O juiz esclarece, ainda, que “a farta documentação anexada aos autos dão conta que as quantias públicas recebidas pelo Olímpico Pirambu Futebol Clube foram utilizadas, em tese, exclusivamente para o implemento de suas atividades privadas. Digo, em tese, pois existem indícios de que o dinheiro também foi canalizado para os bolsos dos envolvidos nessa trama diabólica”, cita o magistrado.
Defesa. A assessoria do deputado André Moura disse, por meio de nota, que o parlamentar ficou sabendo da sentença pela imprensa. De acordo com a nota, o deputado “se sente plenamente injustiçado”.

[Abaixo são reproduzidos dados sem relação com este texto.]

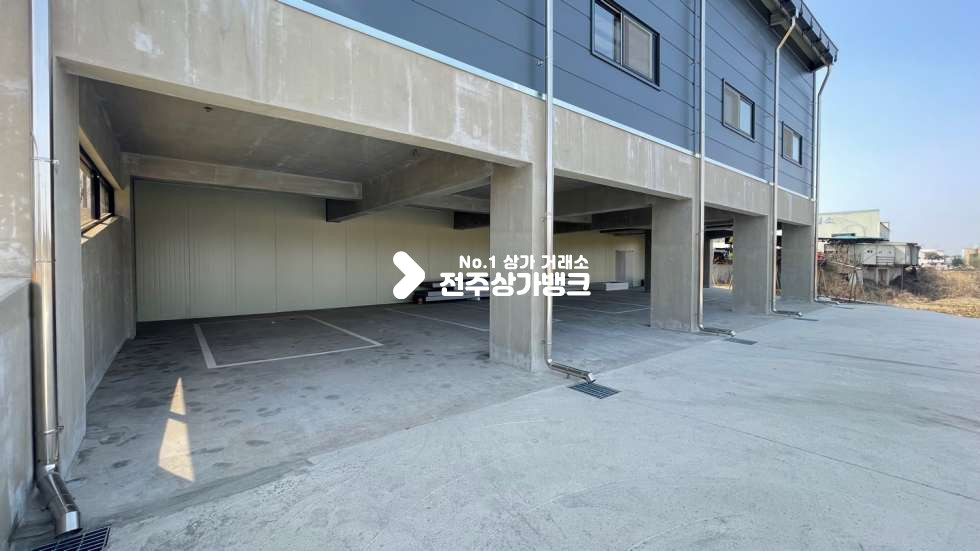 전북 전주덕진구 여의동 큰대로변✔여의동✔80평대✔창고형사무실✔자유업종추천✔ 월세 매물번호 12483 사진 10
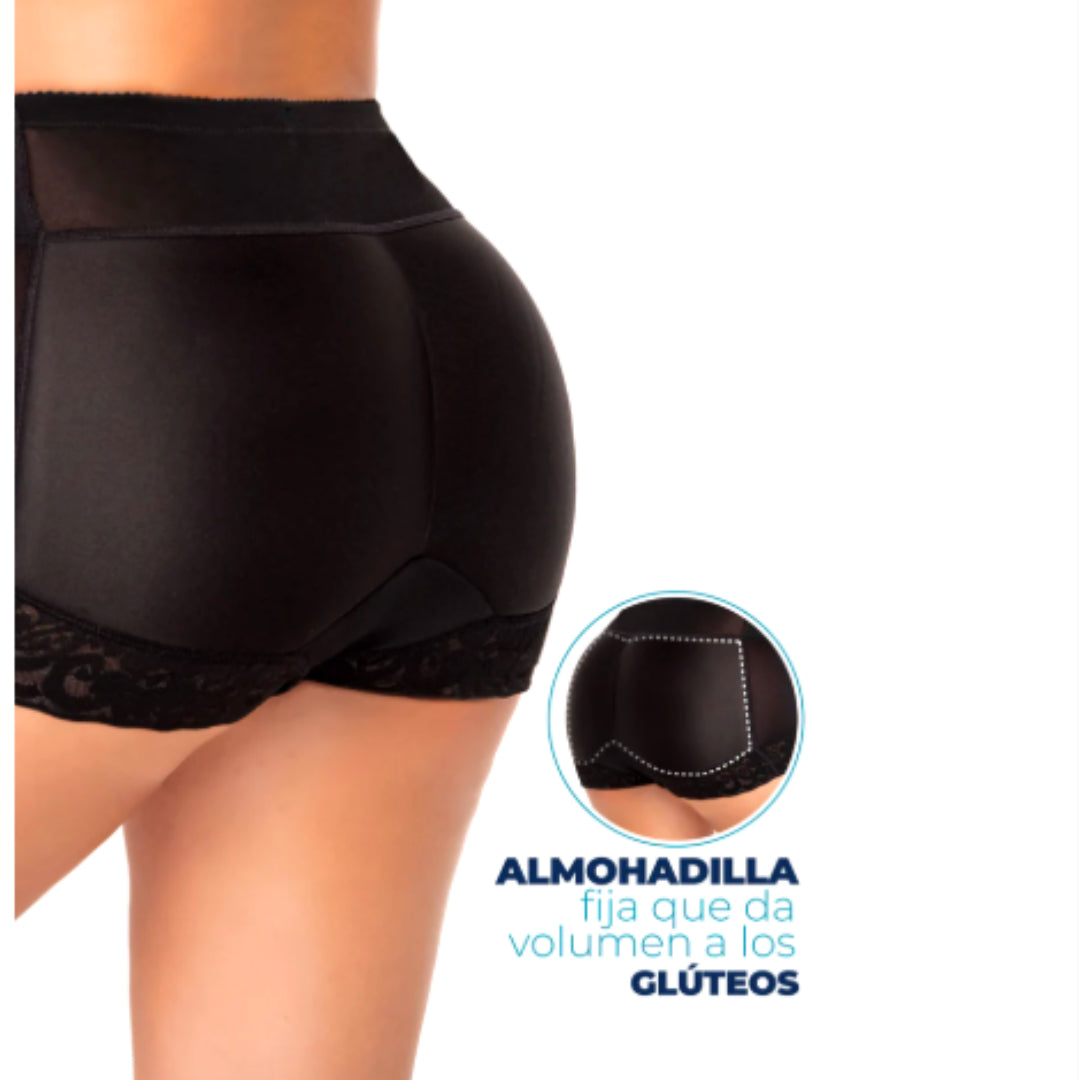 Panty con Almoada incluida, levanta cola Up Ref.6021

O texto diz que “o juiz do caso considerou o parlamentar ‘citado’ na ação, embora ele jamais tenha sido citado por qualquer Oficial de Justiça nos endereços de Aracaju e Brasília, onde mantém residência desde 2007”. A nota também pontua que o deputado já não era mais prefeito à época “dos fatos narrados”.
Por fim, a nota diz que “o deputado se sente plenamente injustiçado pela condenação num processo onde não foi efetivamente citado e que lhe foi negado o direito constitucional à defesa, numa ação no qual se entendeu antecipar o julgamento, sem que ainda fosse oportunizado o acesso dos autos ao seu advogado”. Por fim, o deputado informou que “tomará as providências judiciais necessárias, a fim de restabelecer a verdade”.